The show was great, full of large-scale pieces arranged in context, and I learned a lot. But overall it wasn’t the show I expected to see. Nearly all the sculptures were of noble politicians or worthy citizens or well-born children. Fine. What struck me as odd though was that the presentation also felt very carefully straight.
Saying that may sound willful—I mean, why should sexuality come up at all?—but I’m serious. This was a show with numerous male nudes. Yet, it felt constrained the way a group of friends are constrained when they are picking a gay friend up from work but they know that person isn’t out to co-workers and so they are on best behavior hoping not to give the game away. Everything here was proper and intellectual and sexless. Even the herms! And after a bit, the silence about the physicality of what we were seeing began to loom.
My consolation: someone among the curators—maybe all of them even—realized the problem. They must have. And I know this because of the presentation of the final sculpture in the final room of the show. The “Idolino.”

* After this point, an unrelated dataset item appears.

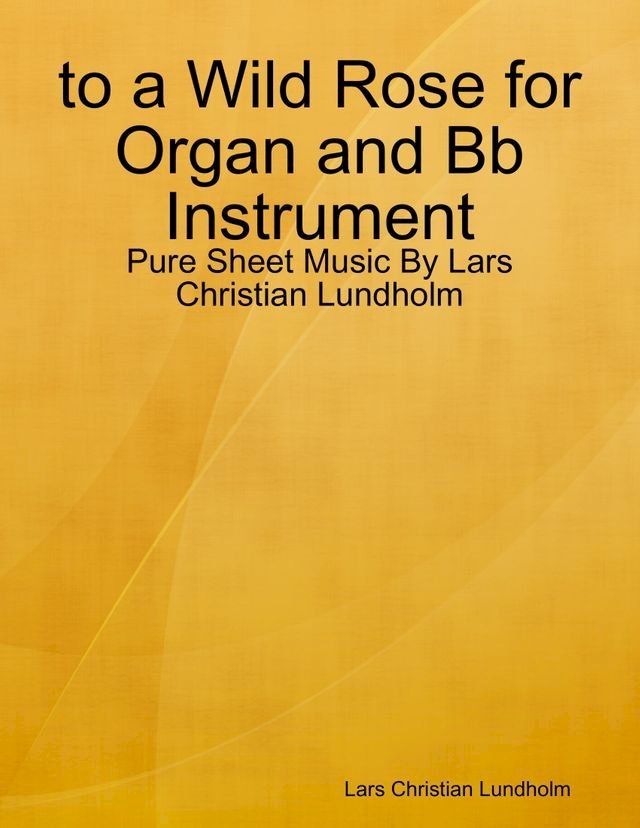  to a Wild Rose for Organ and Bb Instrument - Pure Sheet Music By Lars Christian Lundholm(Kobo/電子書)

He stood on a pedestal in front of a false wall hiding the exit, holding a familiar pose: head tilted to the side, weight balanced on one foot. His left arm hung loosely by his side, and the right was raised to his waist, palm out. The curators had lit him crisply from the front with two lamps, which cast two well-defined shadows on the wall behind him. And those two shadows stood there against the wall, one beside the other, holding hands. The effect was too perfectly achieved, too sentimental, and too gay for me to take it as anything but purposeful.
So standing there looking at the shadows and the sculpture and seeing them together as a whole, I thought: someone gets it and is offering art comment in the language of art.